The last substance that is believed to have some treatment value for COVID patients is convalescent plasma therapy.  This is a transfusion of blood plasma from donors who have recovered from COVID-19.  People who have recovered from COVID have antibodies that can activate the immune system to fight the virus.  If you or someone you know have recovered from COVID, the FDA is asking for plasma donations.

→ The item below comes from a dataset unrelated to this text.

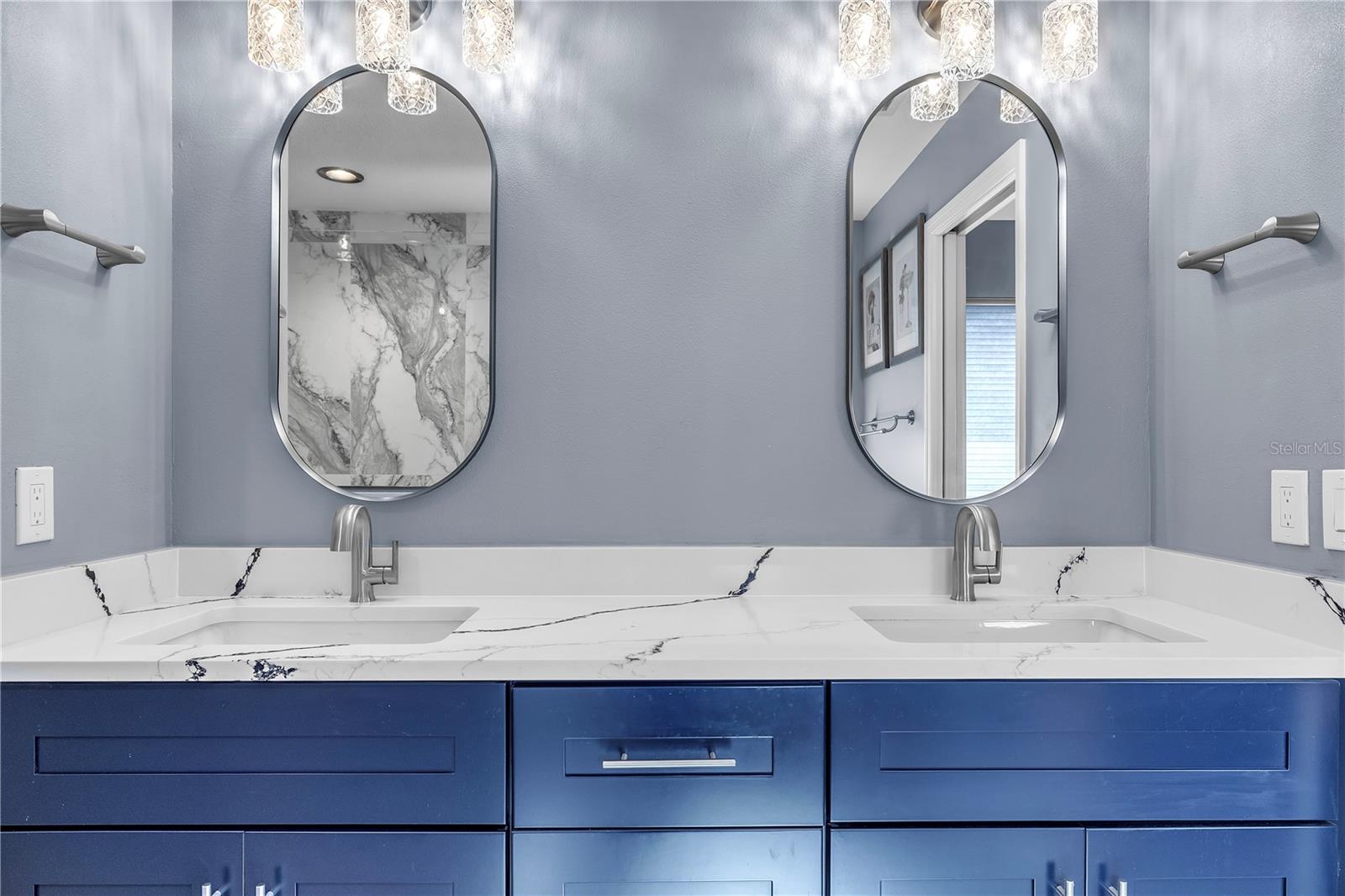 3708 PEACE RIVER DR, PUNTA GORDA, FL, 33983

While these 12 new codes have been added to version 37.2 of the Grouper for FY 2020 (effective 8/1/20), none of them have an impact on MS-DRG assignment or reimbursement.  Even so, reporting these codes when applicable can help provide additional data on the usefulness of these therapies as health care officials navigate through the pandemic.

References

• Beigel, John H., et al. “Remdesivir for the Treatment of Covid-19 - Preliminary Report: NEJM.” New England Journal of Medicine, New England Journal of Medicine, 27 May 2020, www.nejm.org/doi/full/10.1056/NEJMoa2007764.
• Calabrese, Cassandra. “Sarilumab Enters Clinical Trial for COVID-19, Spotlighting 'Key Role' for IL-6.” Healio, 19 Mar. 2020, www.healio.com/news/rheumatology/20200319/sarilumab-enters-clinical-trial-for-covid19-spotlighting-key-role-for-il6.
• Hinton, RADM Denise M. “FDA Response to Request to Issue an EUA for Emergency Use of Remdesivir for the Treatment of Hospitalized 2019 Coronavirus Disease (COVID-19).” Received by Ashley Rhoades, MBS, RAC, Food and Drug Administration, 1 May 2020, www.fda.gov/media/137564/download#:~:text=This%20letter%20is%20in%20response,section%20II)%20of%20this%20letter%2C.
• “Sanofi and Regeneron's Kevzara Fails in Phase III Covid-19 Trial.” Clinical Trials Arena, 3 July 2020, www.clinicaltrialsarena.com/news/kevzara-us-covid19-trial-data/.
• Xu, Xiaoling, et al. “Effective Treatment of Severe COVID-19 Patients with Tocilizumab.” Edited by Zhu Chen, PNAS, National Academy of Sciences, 19 May 2020, www.pnas.org/content/117/20/10970.